The Prose Edda tells the story of Sif's golden hair. Loki pranks Sif by cutting off her hair, but Thor threatens to break his bones unless he goes to the svartálfar (literally "black elves", perhaps synonymous with the dwarves and/or dark elves) and has them craft magical golden hair which will grow in its place. Loki convinces the dwarf Ivaldi's sons to produce the golden hair; not only this, but he wrangles the dwarves into a magic item crafting contest from which comes Odin's spear Gungnir, Frey's folding ship Skidblatnir, Thor's hammer Mjolnir, Odin's ring Draupnir, and Frey's golden-bristled boar.

Sif also appears in the Poetic Edda.

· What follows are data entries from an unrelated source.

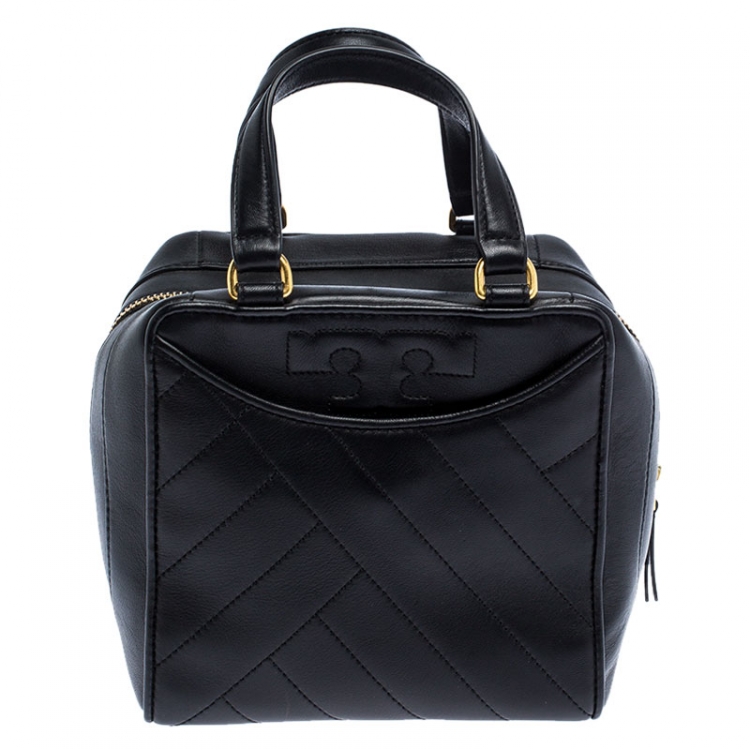 Pre Owned Tory Burch Black Leather Mini Alexa Satchel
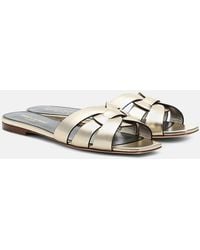 Saint Laurent - Tribute Metallic Leather Sandal - Lyst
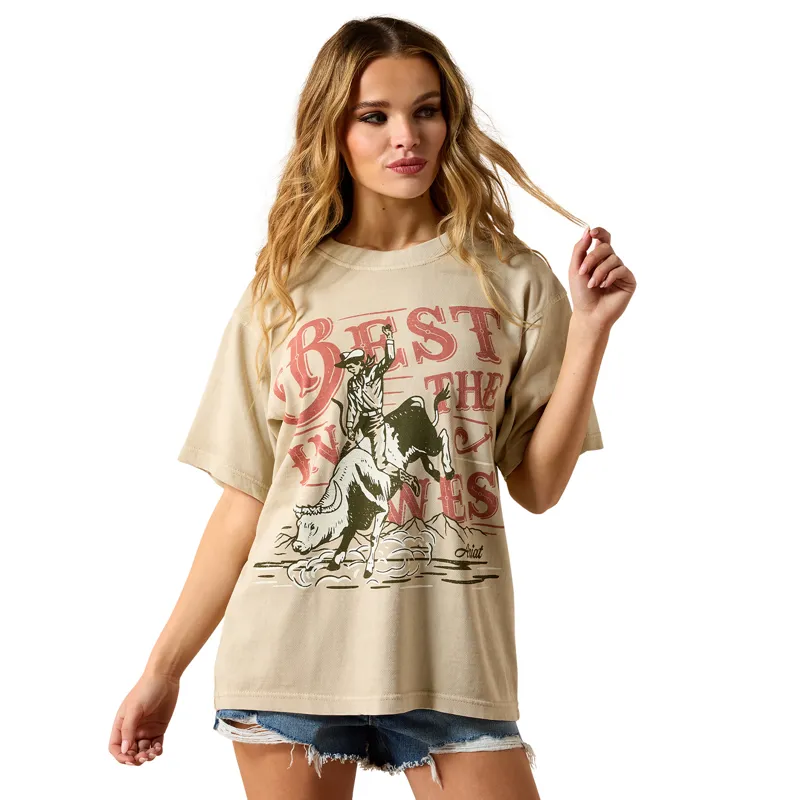 Ariat Bull Rider Womens Arched T-Shirt - French Oak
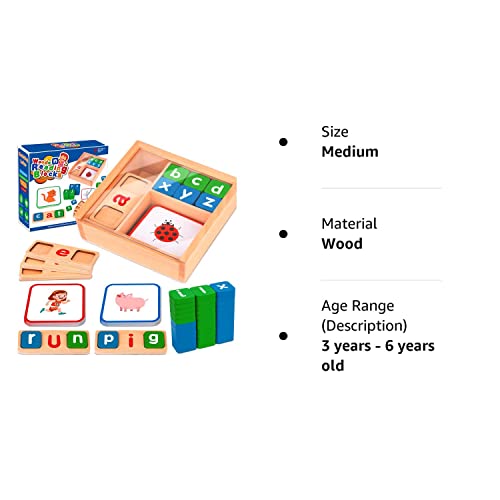 Hapyland Well-Organized Cvc Word Games With Wooden Box - Sight Words Flash Cards Kindergarten - Kindergarten Learning Activities - Montessori Toys For 3 4 5 6 Year Old - Spelling Games For Kids #TOP6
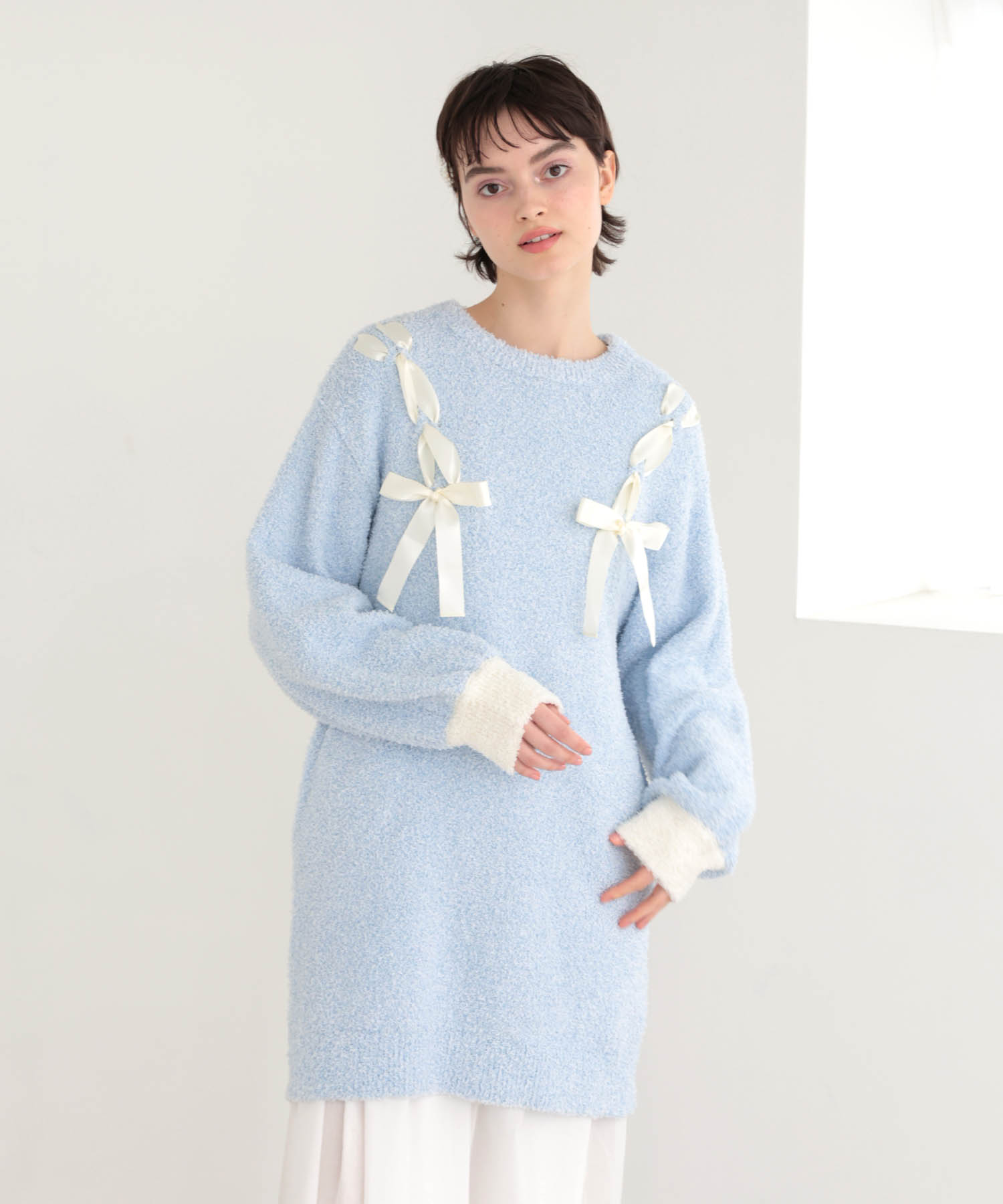 モールニットツイードライクワンピース_パジャマ&ルームウェア-ワンピース・ネグリジェ_ブルー_1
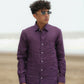 Dark Purple Pure Linen Solid Shirt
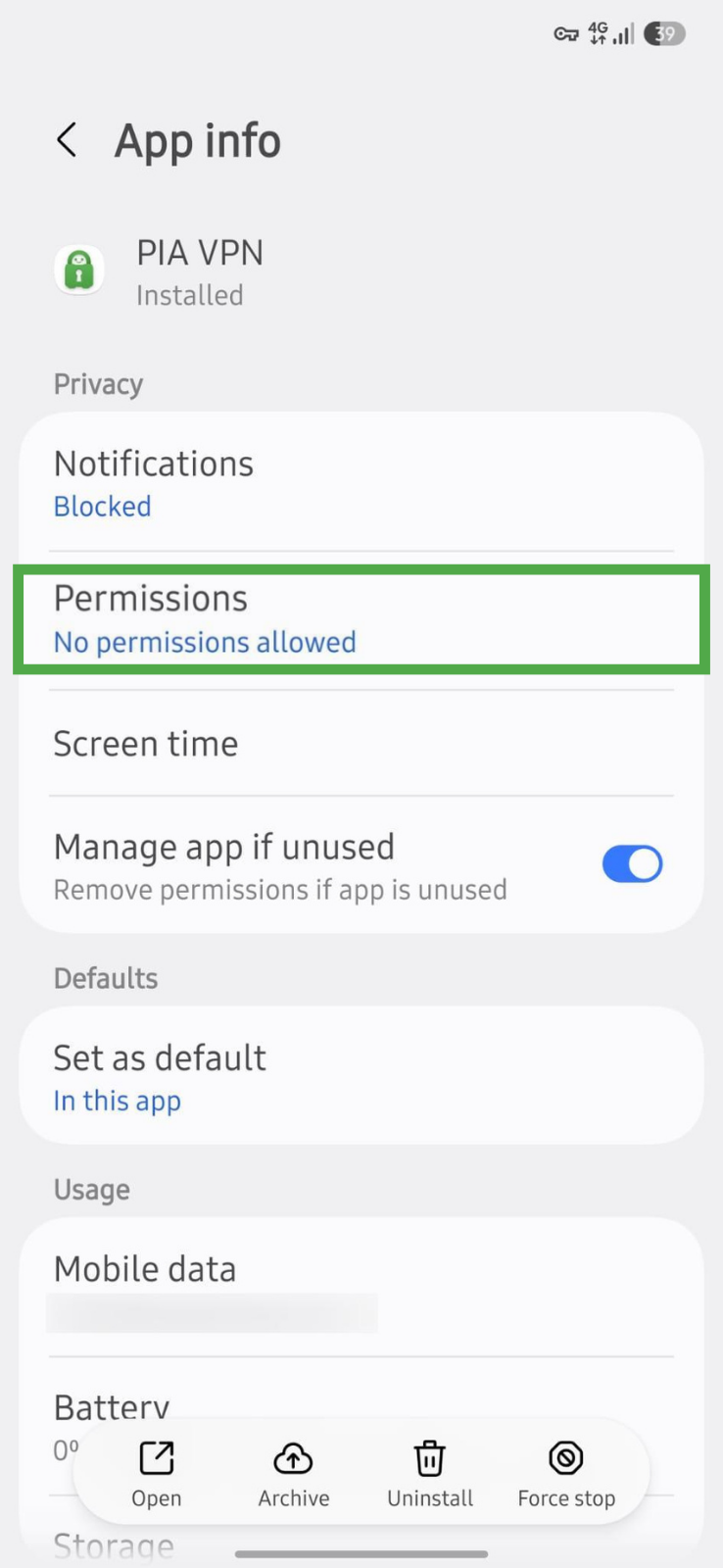 Android settings showing the PIA VPN app info screen and permissions menu.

In Lokasenna, where Loki taunts the gods in turn, Sif offers Loki a drink of mead, hoping to avoid his insults:

"Hail to you now, Loki, take this drink I offer you of our good old mead. Do this, rather than find fault with me, alone among all the gods and goddesses."

Loki replies:

"You would be unique, Sif, if you actually were wary and unwelcoming to other men. But I alone know how you were unfaithful to your husband Thor—and I was the one you slept with."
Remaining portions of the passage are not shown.